Load¶

Module for loading profiles from files or dataframes.

pycytominer.cyto_utils.load.infer_delim(file: str | Path | Any) → str¶

Sniff the delimiter in the given file

Parameters:: file (str) – File name
Returns:: the delimiter used in the dataframe (typically either tab or commas)
Return type:: str

pycytominer.cyto_utils.load.is_path_a_parquet_dataset_dir(file: str | Path) → bool¶

Check whether a path is a parquet dataset directory.

Parameters:: file (Union[str, pathlib.Path]) – Path to inspect.
Returns:: Returns True when the path is a directory, contains at least one direct file child, and all direct file children are parquet files.
Return type:: bool
Raises:: FileNotFoundError – Raised if the provided path in the file does not exist.

Notes

If file is not a string or path-like object, the function prints a message and returns False rather than raising TypeError.

pycytominer.cyto_utils.load.is_path_a_parquet_file(file: str | Path) → bool¶

Checks if the provided file path is a parquet file.
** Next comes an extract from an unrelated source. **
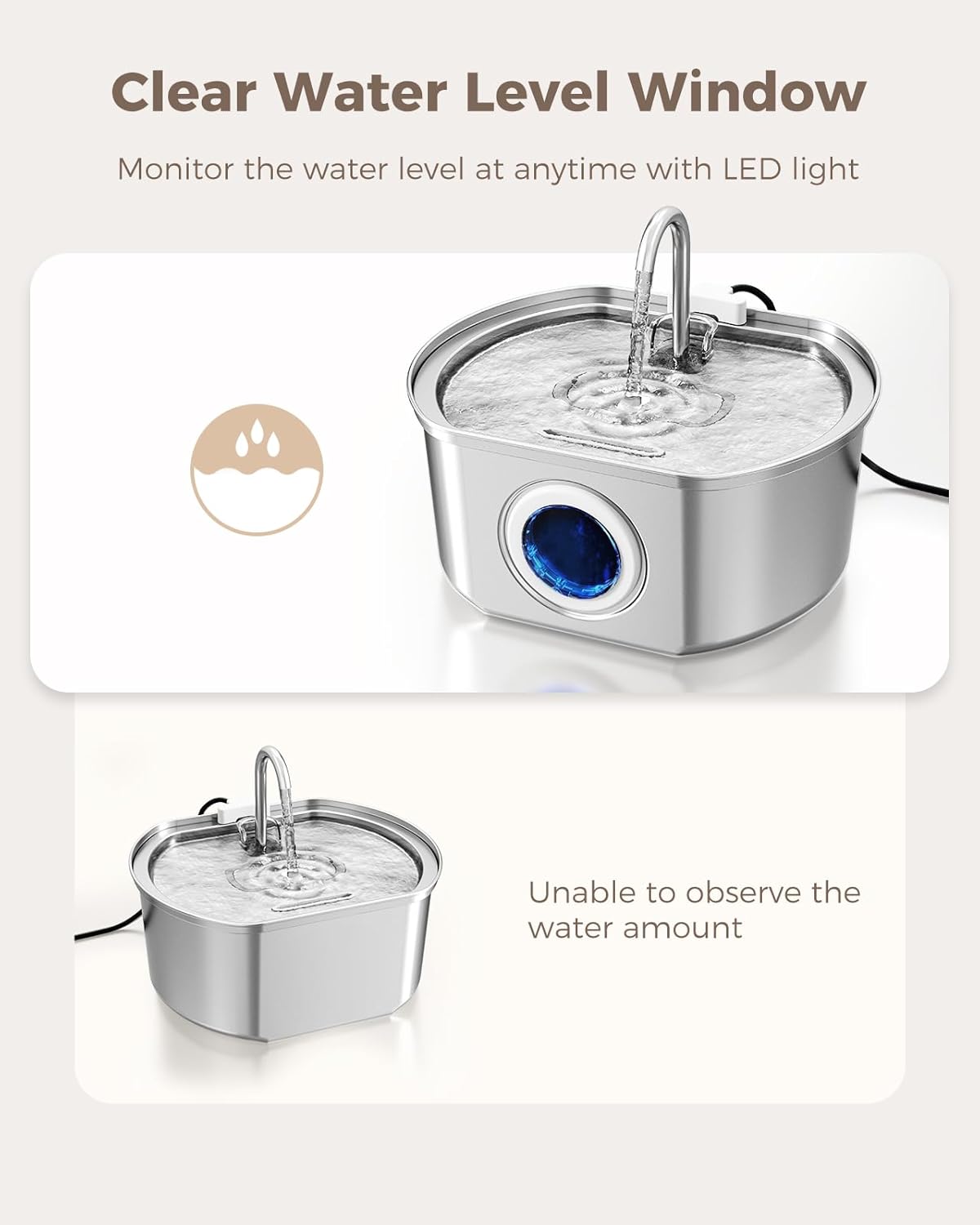 PurrFlow Stainless Steel Pet Fountain – Ultra-Quiet, BPA-Free, and Perfectly Filtered for Cats & Small Dogs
Identify parquet files by inspecting the file extensions. If the file does not end with parquet, this will return False, else True.
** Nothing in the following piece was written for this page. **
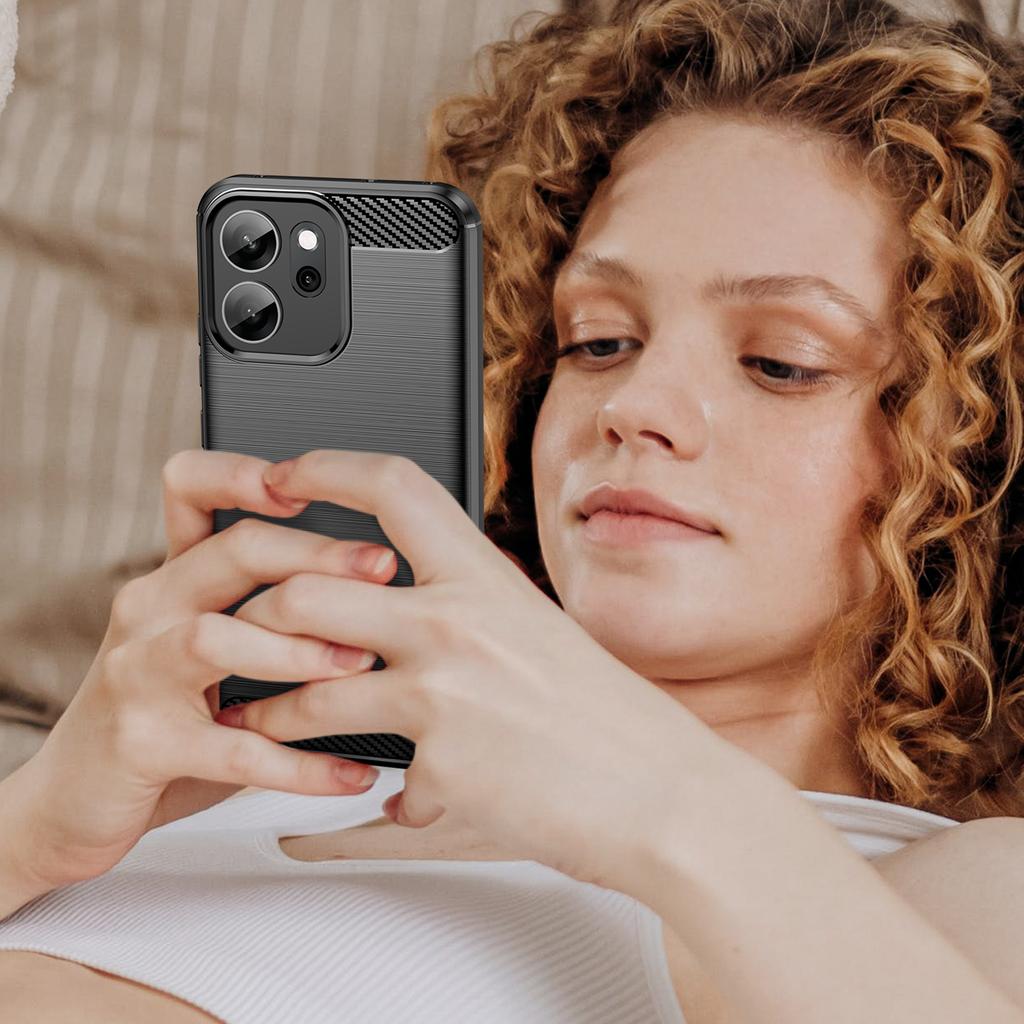 Dla Oppo Reno14 F 5G Etui Ochronne Pokrowiec na Telefon Tekstura Włókna Węglowego Szczotkowany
Parameters:: file (Union[str, pathlib.Path]) – path to parquet file
Returns:: Returns True if the file path contains .parquet, else it will return False
Return type:: bool
Raises:: FileNotFoundError – Raised if the provided path in the file does not exist.

Notes

If file is not a string or path-like object, the function prints a message and returns False rather than raising TypeError.

pycytominer.cyto_utils.load.load_cytotable_profiles(warehouse_path: str | Path | PurePath, table_name: str = 'joined_profiles', namespace: str = 'profiles') → DataFrame¶

Load a profile table from a CytoTable-style warehouse layout.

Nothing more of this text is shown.